FHIR specifies a base set of resources that can be combined in various ways to meet the data model demands of healthcare providers. It also provides representations of clinical observations and documents. FHIR does not aim to encompass every possible document or data type. Instead, FHIR first supports most clinical and billing use cases. You can then extend your FHIR implementation to meet additional clinical or organizational needs.

FHIR profiles

Using extensions, applications can customize the existing resources and describe their specifications with profiles. Profiles are a set of instructions in addition to the existing core specification for resources that fall under a specific use and context. The Cloud Healthcare API enforces profiles by validating resources against the constraints in the relevant profile.

For instance, recording a patient's ethnicity is not allowed in certain regions, but required in others. Using profiles, the FHIR base specification can define and require an "ethnicity" extension in accordance with the regional policies. Therefore, profiles help countries, regions, districts, and organizations customize data in accordance with their healthcare data regulations and needs.

You can use profiles to do the following:

  • Extend and restrict the FHIR API by defining additional operations, specify required pre-existing search parameters, and add new search parameters.
  • Extend and restrict resources by defining extensions of resources and changing the cardinality of fields.

A collection of profiles can be published as an implementation guide. Implementation guides are both machine- and human-readable. They can be exchanged and searched using REST and used to generate code and user interfaces.

For more information on FHIR extensions, see FHIR extensions.

FHIR base URL implementation

As shown in the official FHIR documentation (DSTU2, STU3, and R4), a FHIR Service Base URL uses the format http(s)://server/PATH. For example, https://server/path/Observation.
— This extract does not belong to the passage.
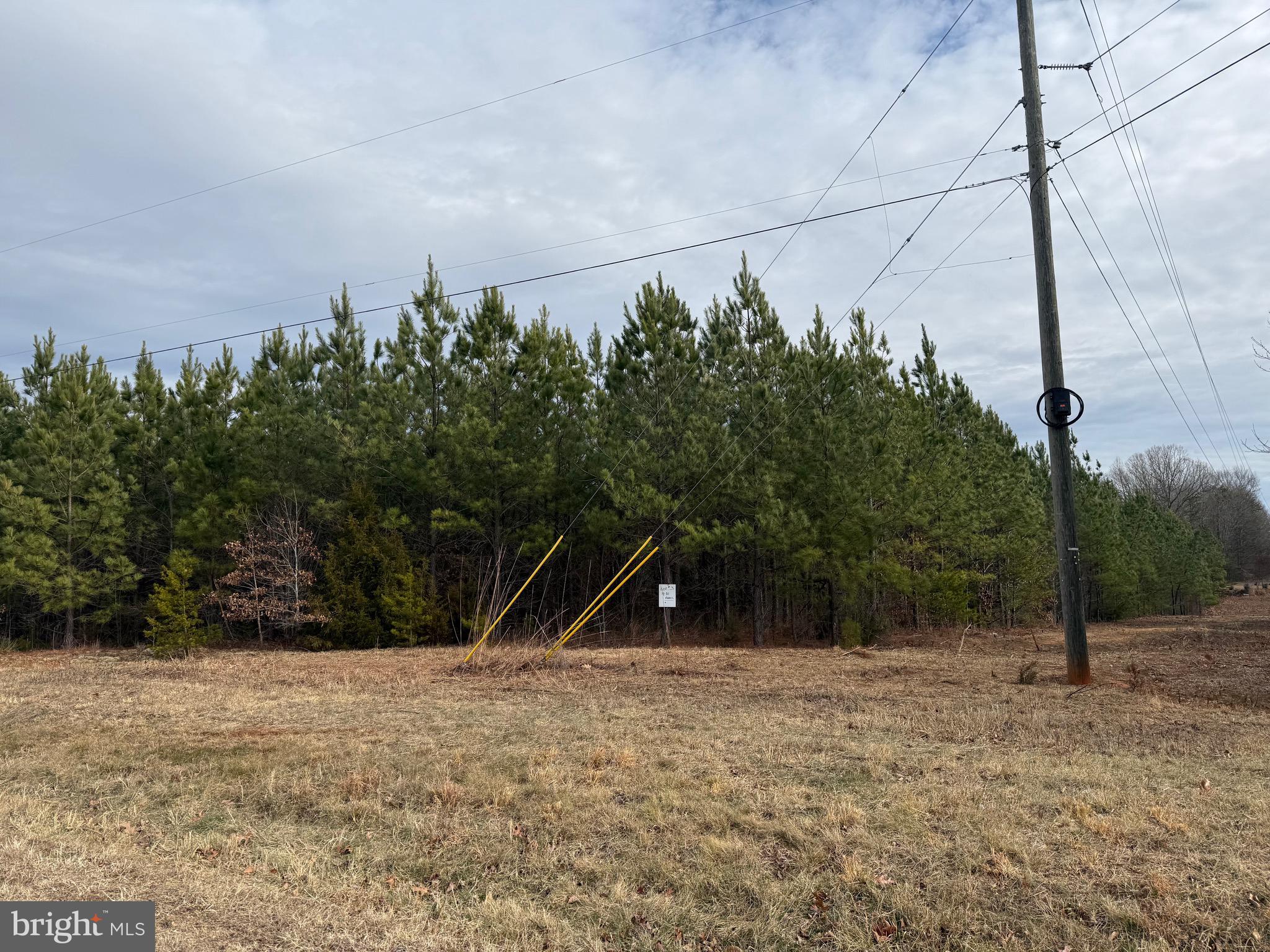 Lot 3 Hardware Road Arvonia, VA 23004 - Photo 4 of 18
The Cloud Healthcare API uses a base URL that aligns with this standard. The Cloud Healthcare API base URL contains the following parts:

  • The endpoint for the Cloud Healthcare API
  • The version of the Cloud Healthcare API
  • The project ID
  • The name of a dataset
  • The dataset's location
  • The name of a FHIR store
  • The /fhir suffix

The following table shows the format of a FHIR Service Base URL and its equivalent base URL in the Cloud Healthcare API:

FHIR Service Base URLCloud Healthcare API equivalent URL
http(s)://server/PATH https://healthcare.googleapis.com/v1/projects/PROJECT_ID/locations/LOCATION/datasets/DATASET_ID/fhirStores/FHIR_STORE_ID/fhir

To get information about a patient using the FHIR RESTful API, make an HTTP GET request. The following table shows the format to use to get this information using the FHIR Service Base URL and its equivalent base URL in the Cloud Healthcare API:

FHIR Service Base URLCloud Healthcare API equivalent URL
http(s)://server/path/Patient/PATIENT_ID https://healthcare.googleapis.com/v1/projects/PROJECT_ID/locations/LOCATION/datasets/DATASET_ID/fhirStores/FHIR_STORE_ID/fhir/Patient/PATIENT_ID

FHIR conformance

For more information on the FHIR DSTU2, STU3, and R4 implementations in the Cloud Healthcare API, see the FHIR conformance statement.

Integrating with OMOP

OMOP Common Data Model (OMOP CDM) is a standard developed by Observational Health Data Sciences and Informatics (OHDSI). It is primarily used for observational clinical data. The OHDSI tool suite can assist common analytics use cases such as cohort definition, cohort generation, and population effect estimation. It is a commonly used data model in genomics and pharmaceutical research due to its expansive terminology and genetics support.

See the following resources for more details about OMOP:

By integrating FHIR and OMOP, clinical data from EHRs and other sources in the FHIR format can be used as research data in the OMOP standard. Specific fields and data elements in OMOP can also be integrated into existing data in FHIR.

You can use the open-sourced Cloud Healthcare API Data Harmonization mapping engine to perform the following tasks:

  • Harmonizing data to the OMOP CDM and others.
  • Configuring data mapping for FHIR-to-OMOP data conversion.